Penser dans un monde mauvais impose d’adopter une certaine
façon, ambitieuse et rigoureuse, exigeante, de faire des sciences
sociales, et de s’en donner les moyens épistémologiques et
méthodologiques. Nous devons formuler une éthique du travail
intellectuel qui engage une redéfinition de l’ensemble des dispositifs
qui soutiennent la production et la circulation des savoirs.
Didier Eribon a récemment avancé que les concepts de
« déterminisme » et d’« immanence » et surtout leur articulation
étaient essentiels pour toute démarche critique – en sorte que l’on
peut contester le caractère critique des démarches qui n’y
recourraient pas, même lorsqu’elles prétendent l’être 1. Joan Scott a
soutenu que l’éthique critique s’articulait aux notions de discontinuité
et d’ouverture, au refus de la transparence de l’expérience et de la
conscience, à la mise en question de toute base fondationnelle
stable 2.
De la catégorie de « critique »
Je suis tout à fait d’accord avec ces deux visions et je vais
essayer de les rejoindre par mes propres moyens. Mais je voudrais
aussi prendre un certain écart par rapport à elles. Je voudrais en
effet avancer que la réflexion sur les conditions de la production
d’une théorie oppositionnelle doit nous amener à utiliser le mot
« critique » avec prudence.
Depuis le début de ce livre, j’ai soigneusement évité d’employer le
mot « critique » pour désigner ma démarche. Cela peut sembler
étrange puisque les auteurs dont il a été ici question et auxquels je
me suis référé sont traditionnellement rangés dans la catégorie de
« théorie critique ». Mais peut-être faut-il cesser d’accorder au
signifiant « critique » tant d’importance et de valeur et le temps est-il
venu de ranger nos démarches sous une autre dénomination.

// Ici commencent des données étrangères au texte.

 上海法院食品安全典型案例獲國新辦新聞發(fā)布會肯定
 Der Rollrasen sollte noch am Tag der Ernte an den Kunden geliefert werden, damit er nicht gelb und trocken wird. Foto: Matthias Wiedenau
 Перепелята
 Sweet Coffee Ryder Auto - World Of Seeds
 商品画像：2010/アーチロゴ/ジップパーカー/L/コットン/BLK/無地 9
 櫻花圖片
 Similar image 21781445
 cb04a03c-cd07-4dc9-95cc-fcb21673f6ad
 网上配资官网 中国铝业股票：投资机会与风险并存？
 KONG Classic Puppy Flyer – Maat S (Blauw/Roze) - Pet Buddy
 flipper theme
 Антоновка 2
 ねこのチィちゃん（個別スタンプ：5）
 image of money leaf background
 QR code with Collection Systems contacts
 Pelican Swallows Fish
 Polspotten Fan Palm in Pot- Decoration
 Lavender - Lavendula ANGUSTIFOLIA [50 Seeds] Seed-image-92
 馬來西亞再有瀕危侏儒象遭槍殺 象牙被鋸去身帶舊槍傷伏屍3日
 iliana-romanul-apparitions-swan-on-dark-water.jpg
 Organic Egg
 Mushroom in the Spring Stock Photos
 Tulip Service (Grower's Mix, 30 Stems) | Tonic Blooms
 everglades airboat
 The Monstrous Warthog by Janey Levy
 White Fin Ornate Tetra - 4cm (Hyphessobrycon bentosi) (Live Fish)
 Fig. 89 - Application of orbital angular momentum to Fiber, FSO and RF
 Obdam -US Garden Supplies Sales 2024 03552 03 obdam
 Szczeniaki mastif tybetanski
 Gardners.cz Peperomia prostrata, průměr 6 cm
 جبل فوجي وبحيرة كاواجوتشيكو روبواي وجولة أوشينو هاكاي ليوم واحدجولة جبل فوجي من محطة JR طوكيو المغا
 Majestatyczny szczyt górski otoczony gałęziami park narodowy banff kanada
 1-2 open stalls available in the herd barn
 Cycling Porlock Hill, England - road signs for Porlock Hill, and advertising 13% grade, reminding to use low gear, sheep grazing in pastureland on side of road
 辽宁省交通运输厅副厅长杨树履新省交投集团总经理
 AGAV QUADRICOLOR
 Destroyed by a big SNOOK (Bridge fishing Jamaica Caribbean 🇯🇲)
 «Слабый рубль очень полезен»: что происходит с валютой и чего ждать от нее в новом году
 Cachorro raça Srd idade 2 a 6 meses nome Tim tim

Si nous voulons mettre en question le monde, nous ne devons pas
seulement nous définir, en effet, contre les démarches conservatrices
ou « neutres ». Nous devons aussi nous méfier de certaines formes
d’expression de la critique. Car il existe ce que l’on peut appeler des
« critiques systémiques », c’est-à-dire des énoncés qui, malgré les
apparences et malgré les intentions de leurs locuteurs, s’inscrivent
dans les systèmes qu’ils croient dénoncer et les renforcent donc. Il y
a des discours qui, tout en étant critiques et véridiques, constituent
des ruses de la raison conservatrice.
En d’autres termes, le caractère critique d’un énoncé ne constitue
pas une qualité suffisante pour lui accorder de la valeur au sein d’une
démarche éthique. Si nous voulons produire des savoirs réellement
oppositionnels, nous devons échapper à la production de critiques
systémiques : mais comment devons-nous alors procéder ? Et
quelles exigences méthodologiques et épistémologiques s’imposent à
nous ?
Des critiques fonctionnelles
Pour aborder cette question difficile, je voudrais m’appuyer sur
certaines analyses développées par Michel Foucault à la fin de
Surveiller et Punir. Dans l’avant-dernier chapitre du livre, intitulé
« Illégalismes et délinquance », Foucault fait en effet une remarque
importante. Il note que l’histoire de la prison est indissociable de
l’histoire de sa critique. La critique de la prison est née en même
temps que la prison : tout de suite, à peine apparue, la prison « a été
dénoncée comme le grand échec de la Justice pénale 3 ».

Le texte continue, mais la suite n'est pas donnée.